Characters are supposed to change over time. It’s one of the central rules of fiction. But the success of a long-running procedural series depends on the audience knowing what it gets, which is more of the same week to week. Adrian Monk can’t get better, or the show can’t go on. So, we see him maintain acute levels of grief over his wife’s death years past the expected timeline of recovery. We see him suffer meltdown after meltdown, long past the point where others might seek alternative treatment. We see him remain essentially the same over eight seasons because a series in which Mr. Monk Begins to Heal wouldn’t be the same series at all.

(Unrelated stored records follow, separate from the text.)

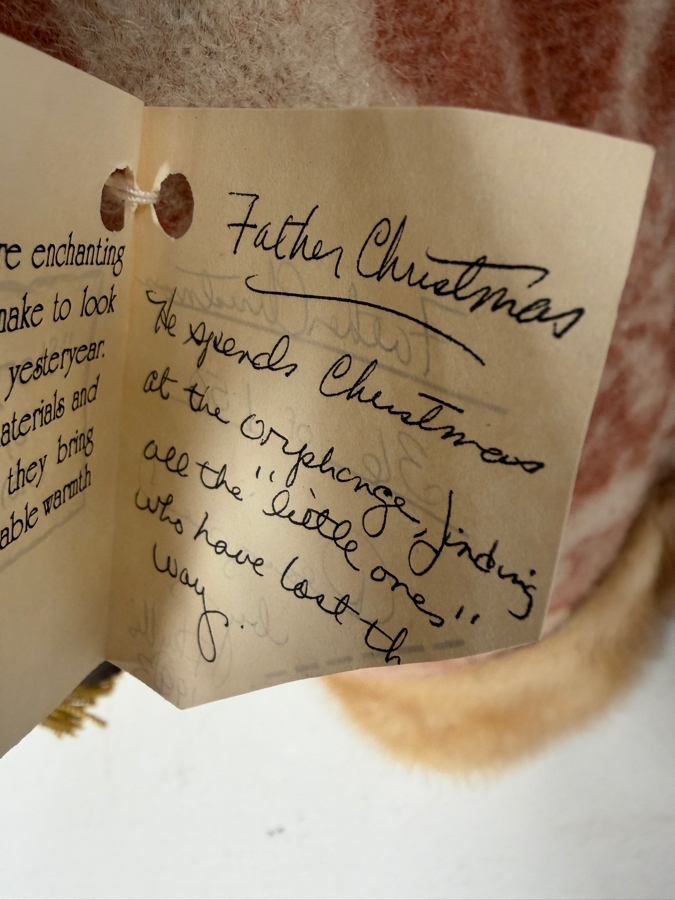 Large Signed Limited Edition 'Storytellers' By Phyllis Santa Claus Statue Titled 'Father Christmas' And Numbered 36 Of 150 Dated 1993 34'H (RSF) [Photo 9]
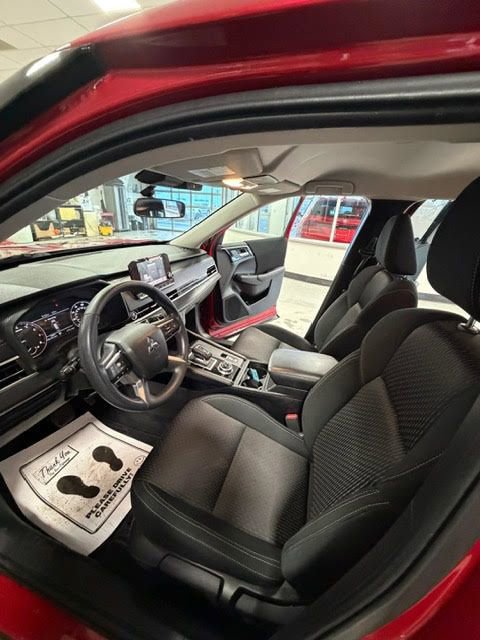 Used 2022 Mitsubishi Outlander ES image 14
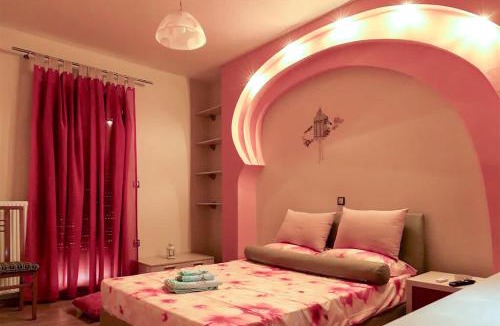 Maniakoi Apartment | The Sunset Haven Kastoria - Modern Lake Elegance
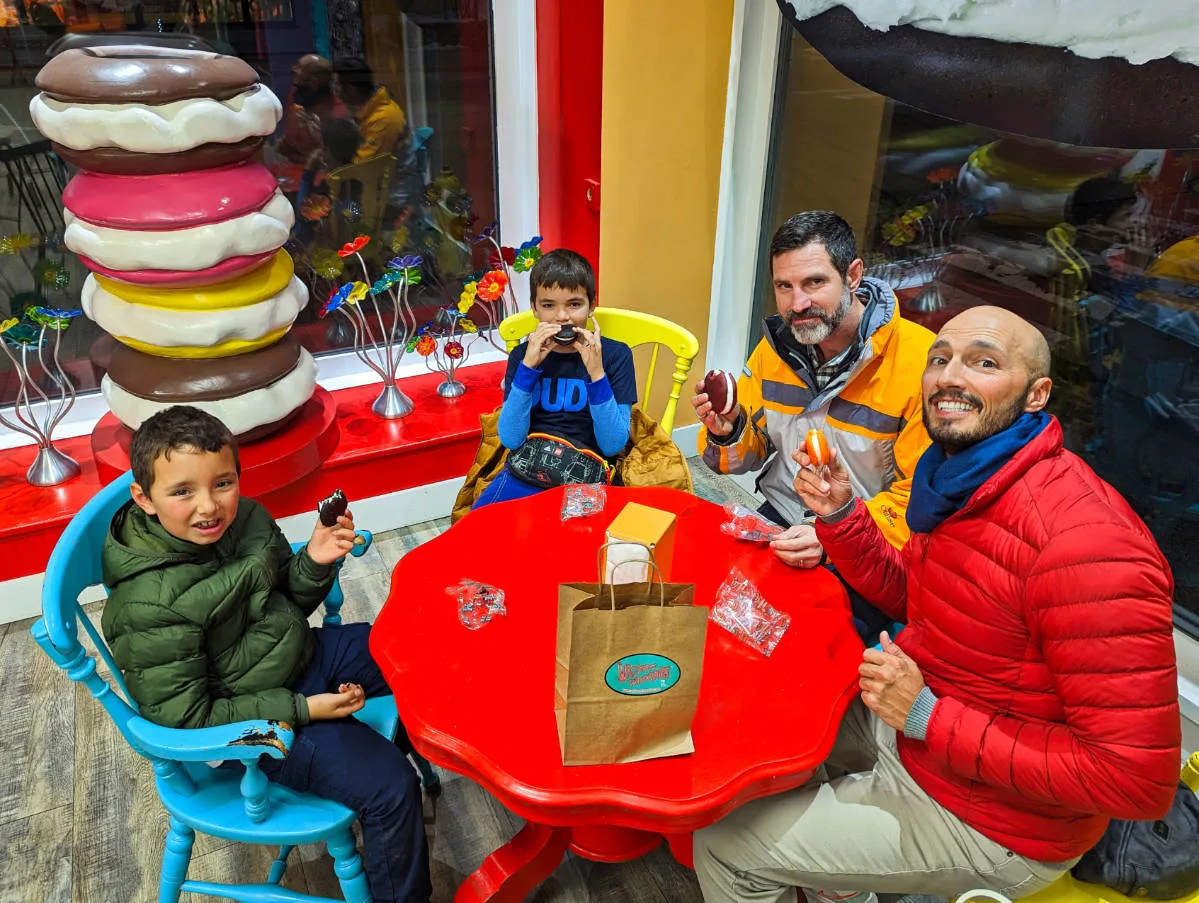 Full Taylor Family at Wicked Whoopie Pies in Freeport Maine 2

In real life, long-term mental illness sometimes doesn’t get better over time. New habits and behaviors are difficult to attain. Some bodies resist medication. Change is incremental and hard-won. This is a realization I’ve had over and over again as an adult: that I can take care of myself, and have a dynamic, fulfilling life, but that depression and anxiety will always be a part of me. I hope to manage them, to continue learning and understanding my sensitivity as more gift than curse. But I fear that part of me will always believe my own brain is a threat. Right now, I just want to accept it so I can get on with the work of living.
And so, I binge. Episode after episode of my favorite television detective, a man whose sandwiches must be exact squares, who would rather suffer dehydration than drink anything other than his beloved Sierra Springs bottled water. I will happily detail my favorite episodes (“Mr. Monk Goes to Mexico,” “Mr. Monk Goes Back to School,” “Mr. Monk Gets Jury Duty,” “Mr. Monk Makes a Friend”…). I believe Sharona is the better character, but I came around on Natalie in time. I love Randy’s stupidity, and Stottlemeyer’s fits of rage. I’ve spent as much time with these characters as with myself over the past month, and it’s probably time for me to take a break, but I’m afraid of change. And I’m afraid of not changing.
For now, I’m just trying to get through another February, finding genuine comfort in my old friend Adrian Monk, though he would likely find no comfort in a slob like me.